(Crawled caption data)
________

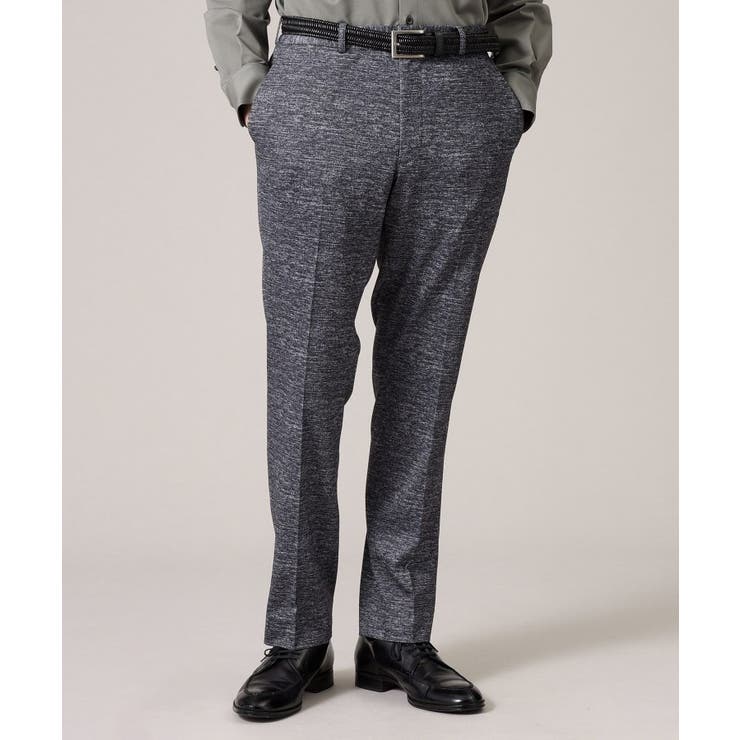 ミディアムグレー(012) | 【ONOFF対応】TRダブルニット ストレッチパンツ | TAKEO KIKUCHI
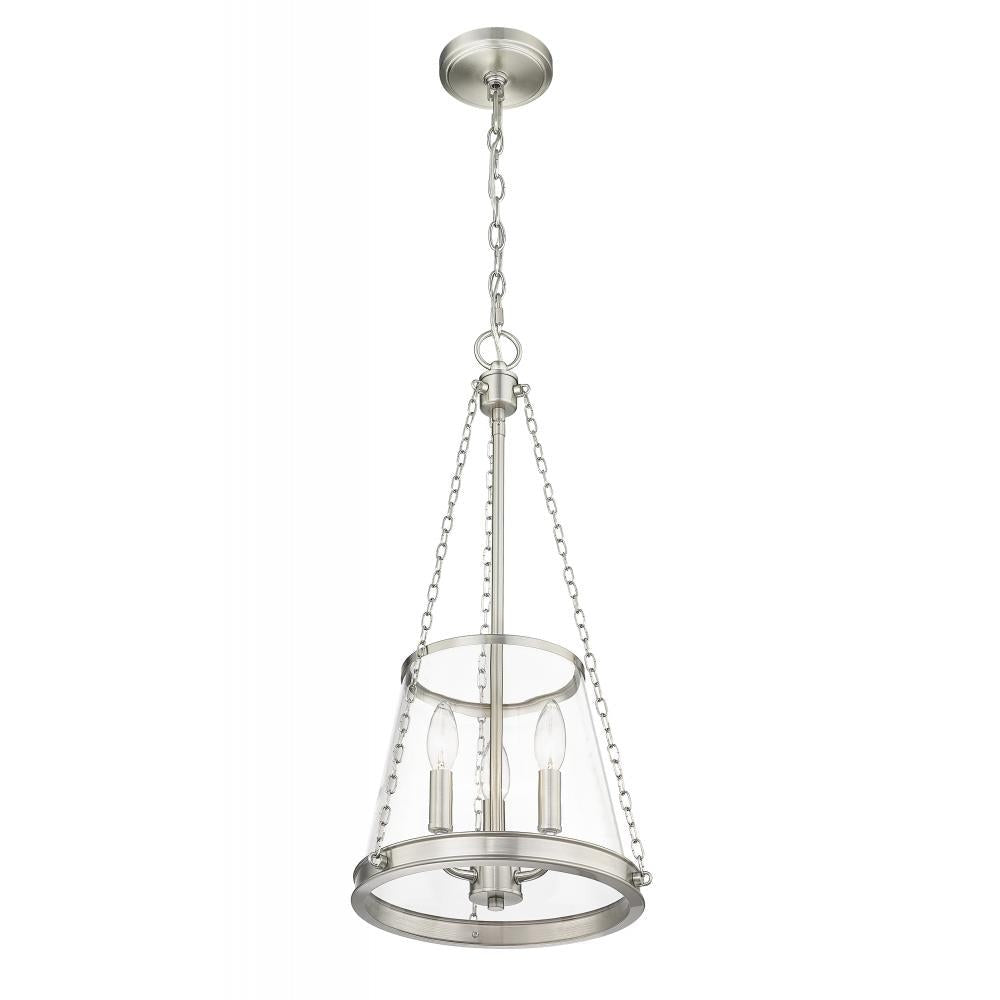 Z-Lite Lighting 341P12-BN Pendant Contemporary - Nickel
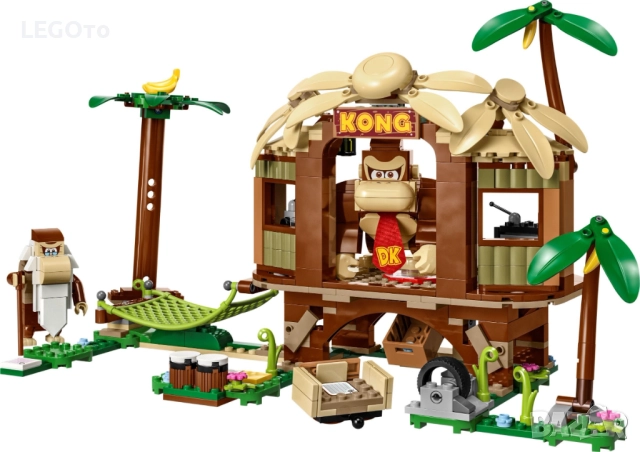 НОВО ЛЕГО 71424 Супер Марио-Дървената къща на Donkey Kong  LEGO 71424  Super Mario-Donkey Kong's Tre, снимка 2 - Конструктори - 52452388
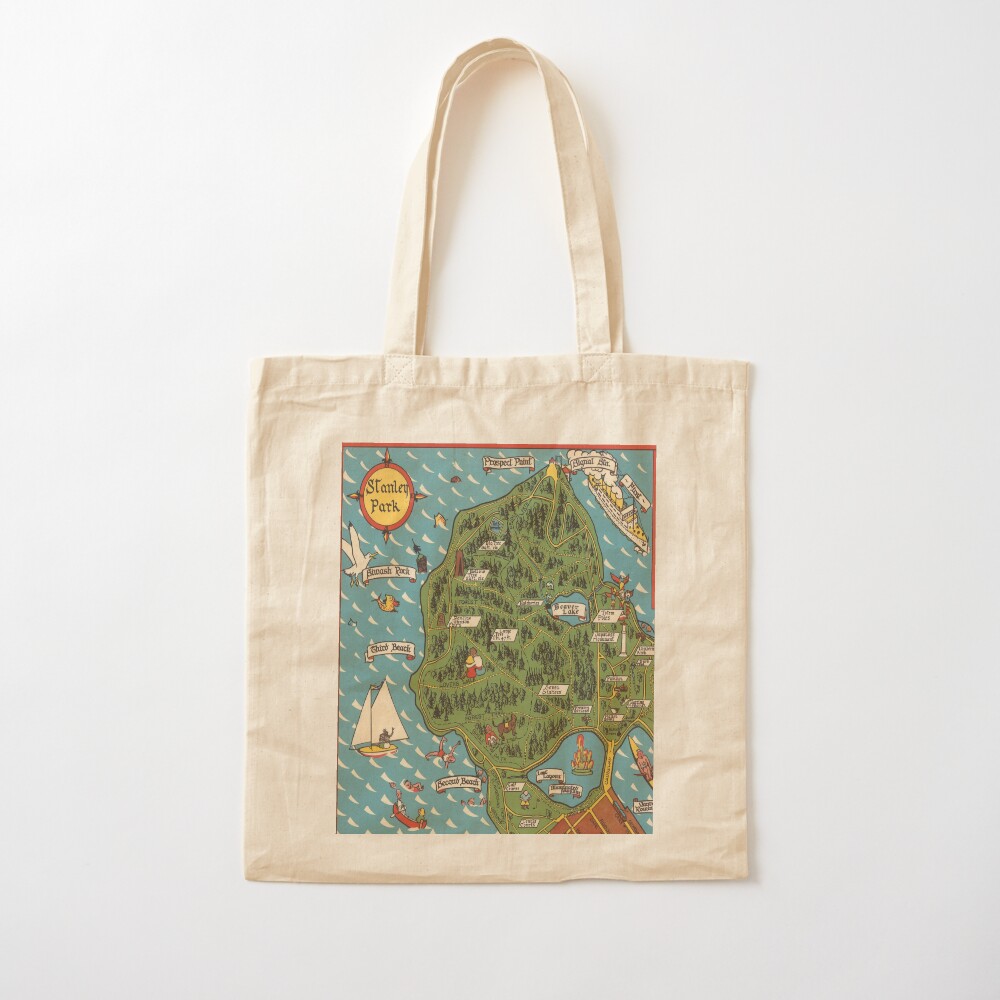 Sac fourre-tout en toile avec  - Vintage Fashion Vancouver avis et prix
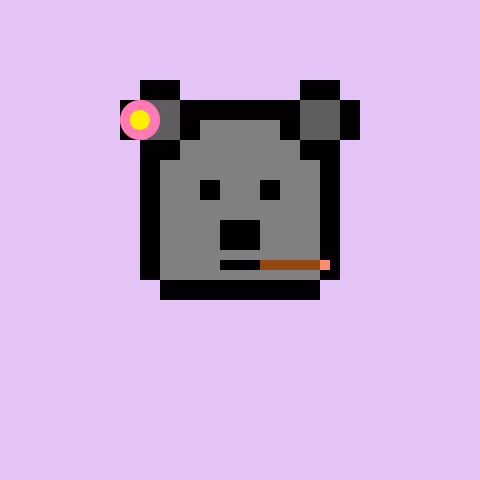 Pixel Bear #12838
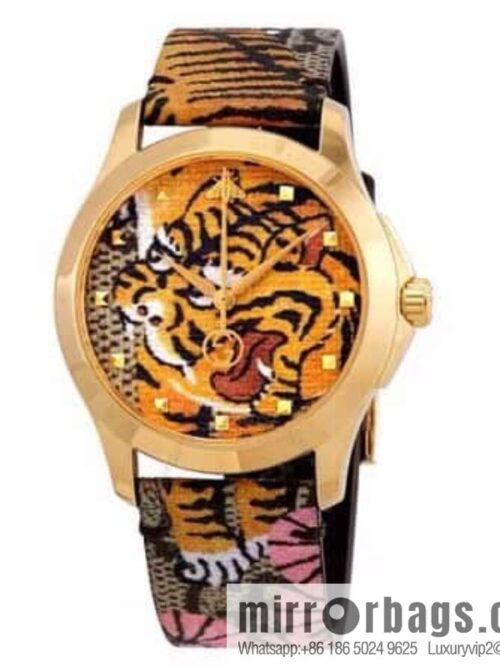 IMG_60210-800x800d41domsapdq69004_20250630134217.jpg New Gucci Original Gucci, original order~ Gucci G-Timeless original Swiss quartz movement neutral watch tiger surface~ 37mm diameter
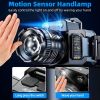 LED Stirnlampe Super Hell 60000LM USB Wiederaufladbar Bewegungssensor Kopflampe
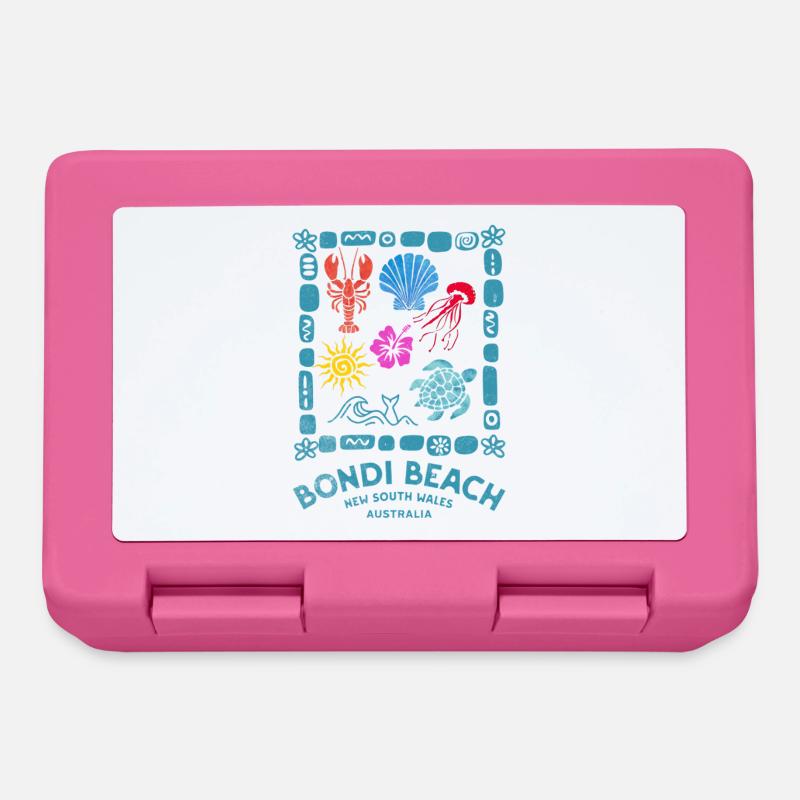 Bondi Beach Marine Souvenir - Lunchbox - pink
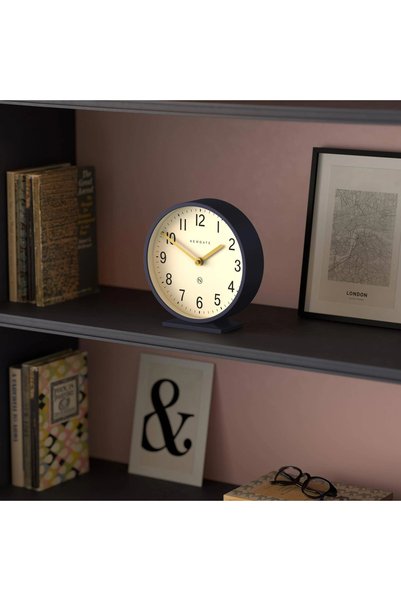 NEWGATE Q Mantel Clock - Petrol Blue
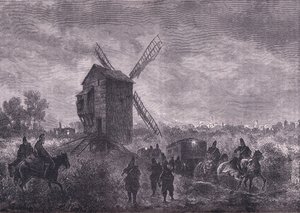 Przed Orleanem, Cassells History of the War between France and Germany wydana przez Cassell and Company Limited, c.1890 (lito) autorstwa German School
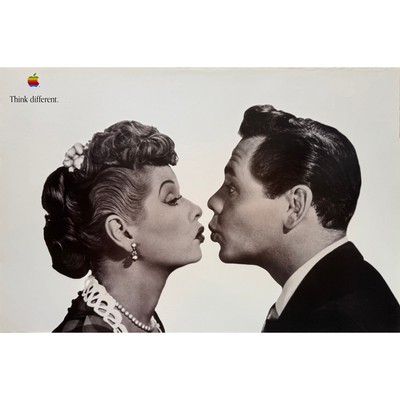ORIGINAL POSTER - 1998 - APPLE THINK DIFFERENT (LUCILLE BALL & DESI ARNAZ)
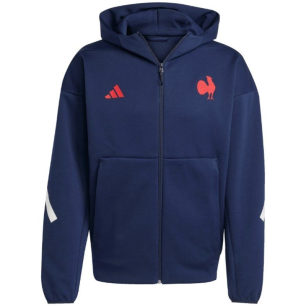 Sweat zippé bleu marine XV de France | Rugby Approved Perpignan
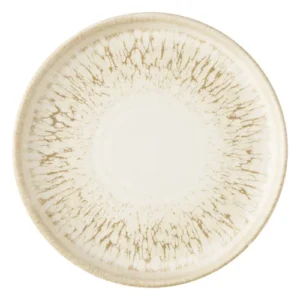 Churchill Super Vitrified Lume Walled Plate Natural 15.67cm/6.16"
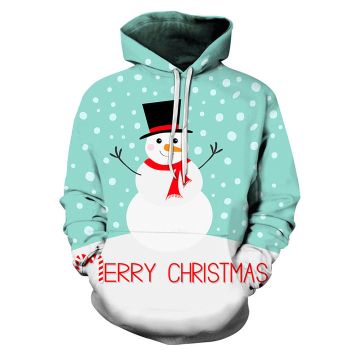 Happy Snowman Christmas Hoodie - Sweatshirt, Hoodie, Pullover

________

_WHAT IS NEEDED_:
The reply should hold the entries above from the line with "Pixel Bear #12838" to the line with "ORIGINAL POSTER - 1998", duplicated exactly, pictures excluded.

_TASK OUTPUT_:
 Pixel Bear #12838
 IMG_60210-800x800d41domsapdq69004_20250630134217.jpg New Gucci Original Gucci, original order~ Gucci G-Timeless original Swiss quartz movement neutral watch tiger surface~ 37mm diameter
 LED Stirnlampe Super Hell 60000LM USB Wiederaufladbar Bewegungssensor Kopflampe
 Bondi Beach Marine Souvenir - Lunchbox - pink
 NEWGATE Q Mantel Clock - Petrol Blue
 Przed Orleanem, Cassells History of the War between France and Germany wydana przez Cassell and Company Limited, c.1890 (lito) autorstwa German School
ORIGINAL POSTER - 1998 - APPLE THINK DIFFERENT (LUCILLE BALL & DESI ARNAZ)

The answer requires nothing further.